O Casa Relvas DOC Alentejo Redondo 2019 fermentou em inox com os bagos inteiros e
20% de engaço. Depois, fez maceração durante 30 dias e maloláctica em tonel de 5000 litros de carvalho francês, onde estagiou por 12 meses.
Coisas de família…
A dinâmica entre Alexandre e os filhos é de uma cumplicidade e confiança a 100%, mas até se chegar à actual velocidade de cruzeiro, muita água correu “por baixo da ponte”.
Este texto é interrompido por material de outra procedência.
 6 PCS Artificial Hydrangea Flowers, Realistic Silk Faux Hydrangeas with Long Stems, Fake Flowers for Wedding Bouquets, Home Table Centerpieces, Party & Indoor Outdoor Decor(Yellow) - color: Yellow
Alexandre Relvas Jr. era o mais rebelde da família. Quando chegou o momento de estudar, escolheu Gestão, mas a sua vida estava longe de ser bem gerida… “Sempre soube que queria fazer alguma coisa ligada à agricultura e ao campo, mas não era bom estudante. Era preguiçoso, no entanto, o que fazia, fazia bem. Desisti do curso de Gestão passado um ano, e ainda hoje me lembro da cara do meu pai, no dia em que lhe disse”, contou Alexandre, que acabou por, mais tarde, tirar um bacharelato por alternância em Bordéus, em Viticultura. “Quando fui para lá, confesso que gostava de vinho — em excesso, sobretudo — mas não tinha grande ligação a esse mundo. Tive a sorte de viver dois anos em Saint-Emilion, porque lá, ou se fica apaixonado por vinho, ou se foge dali para fora, não se fala de mais nada. Eu fiquei apaixonado…”. Em 2006, entrou como adegueiro na Herdade de São Miguel. Nessa altura, ainda havia muito para fazer na empresa, que produzia 150 mil garrafas. Actualmente, Alexandre Relvas Jr. é responsável pela parte comercial, marketing e adega.
Já António Relvas, mais novo do que o irmão, está na empresa há apenas cinco anos. Também ingressou na licenciatura e mestrado em Gestão mas, ao contrário de Alexandre, concluiu, embora não tivesse ideia do que queria fazer. “Ainda trabalhei quatro anos em várias áreas, indeciso, mas o meu pai dizia sempre que o caminho se faz caminhando, e foi um pouco isso que aconteceu”, avançou António. Foi para a empresa do pai e do irmão quase “por acaso”, sem planear, e à data a Casa Relvas estava à procura de desenvolver a parte agrícola. Assim, a “coisa” proporcionou-se e, neste momento, António é o responsável por esse departamento, que inclui vinha, olival e, em breve, amendoal.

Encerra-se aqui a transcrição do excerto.